Y llegó la noche. Esa noche a la que tanto temíamos.

Dos días antes ya notamos como que el dolor que sentíamos por la pérdida se agudizaba. Era un dolor limpio, seco y palpitante. No era alarmante ni necesitaba diagnóstico. Simplemente era tristeza. Una tristeza honda y descarnada, como la muerte, de las que «no te dejan bueno hueso alguno». Una tristeza traidora que escondida en el bosque de la memoria te asalta sin previo aviso, sin remordimientos, inmisericorde, implacable, voraz y negra. Negra como quien la inspira. Negra como la pena negra.

Así anduvimos entre zombies esos dos días, sin ser conscientes de que no eran los demás, éramos nosotros mismos los que con los brazos levantados al frente, y arrastrando los pies, íbamos dejando un reguero de entrañas en descomposición, y en los ojos telarañas de desconsuelo. Desahuciados de la unidad del sueño. Sin descanso. Sin descanso. Sin descanso.

Y llegó la noche. La noche de la catarsis. La noche de la contradicción. La noche de la ansiedad encerrada entre paredes rojas. La noche de la impotencia. La noche de la rabia. La noche de los fantasmas. La noche del miedo.

Y llegaron las doce…

Y la angustia encontró guarida en ojos y estómagos. Y la música se convirtió en sonidos chirriantes que anunciaban el calvario. Y cada risa era una espina, y cada gesto de felicidad una infamia, cada acto cotidiano una afrenta, y cada mujer, Soledad Montoya.

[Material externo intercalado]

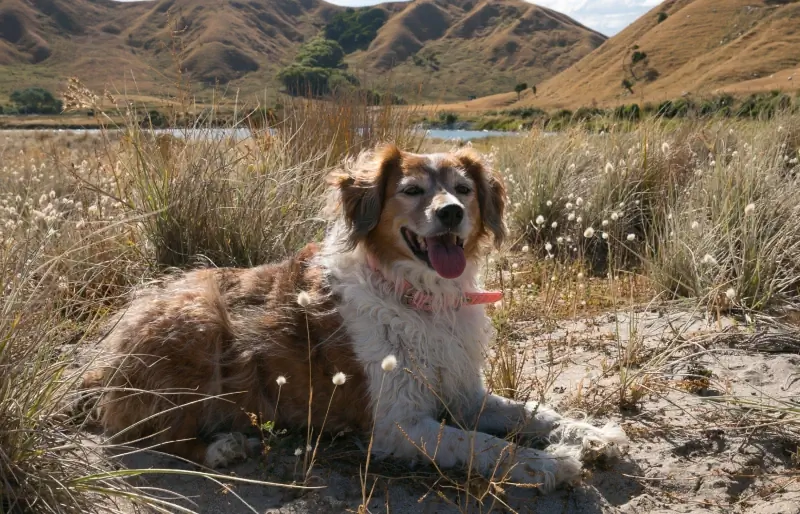 Rot-weißer walisischer Schäferhund, der auf Sanddünen sitzt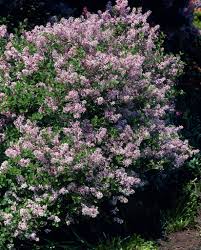 meyer-lilac-palibin-syringa-meyeri
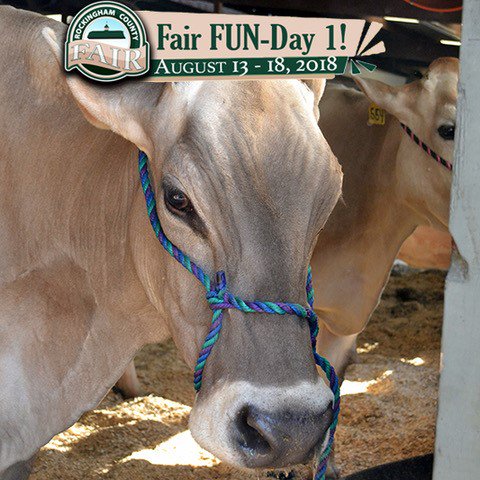 rockcofair's tweet photo. What will you be seeing at the fair today? #RockCoFair FUN DAY 1! https://t.co/HfM5X216FW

Y empezó a hablar Miguel, y empezamos a sentir vergüenza de nosotros mismos. No teníamos derecho a no estar a su altura, nuestro dolor jamás seria comparable al suyo y allí estaba, fuerte, tranquilo, sereno, con la serenidad que te da el orgullo de ser el hijo de Eduardo, con la certeza de hacer de la alegría su bandera, como su padre, y de que cualquier dolor se olvida la noche del Oriol.

Y fue desgranando palabras que nos dejaron los brazos pegados al cuerpo. Los pies dejaron de ser pesados. Por nuestras entrañas comenzó a discurrir la sangre limpia, libre de ponzoña. Y citó a Hernández y nuestros ojos se inundaron «de futura mirada». Y derramó ideas y recuerdos, y nuestro corazón fue capaz de abrir la puerta al resquemor para trocarlo en vida, y esa vida puso en marcha un mecanismo, mediante el cual la ausencia dejo de serlo, y Eduardo fue, y sentimos su mirada sobre nosotros, y su expresión de orgullo por su hijo. Estuvo, y su amor se hizo presente.

Miguel se convirtió para nosotros un héroe mitológico esa noche. Bajó a la laguna Estigia, pagó al Barquero, y le hizo un plante a la Parca. Durante media hora negoció con ella y venció. No por la fuerza sino por la fortaleza de sus argumentos, como le habían enseñado sus padres. Y Ella tuvo que sucumbir ante la razón de la juventud, ante la vida en estado puro y ante su propio reflejo en los ojos azules del muchacho, del hombre ya. Y Miguel nos lo trajo a todos durante dos minutos y Eduardo, libre, como siempre, nos habló y nos deshizo el nudo de la garganta, y lloramos y nos reconciliamos un poquito con la muerte, que durante un instante, nos lo cedió para insuflarnos  ánimo, para darnos un abrazo y que nuestras lágrimas pudieran manchar su hombro, como en tantas ocasiones vividas, como hacía un suspiro nos había contado Miguel. Y Eduardo López Egío fue Síndico Portaestandarte de la Gloriosa Enseña del Oriol para toda la eternidad y Miguel López Verdú, el que todo puede hacerlo posible, nos convirtió en luz, y la noche del Oriol fue hermosa, muy hermosa.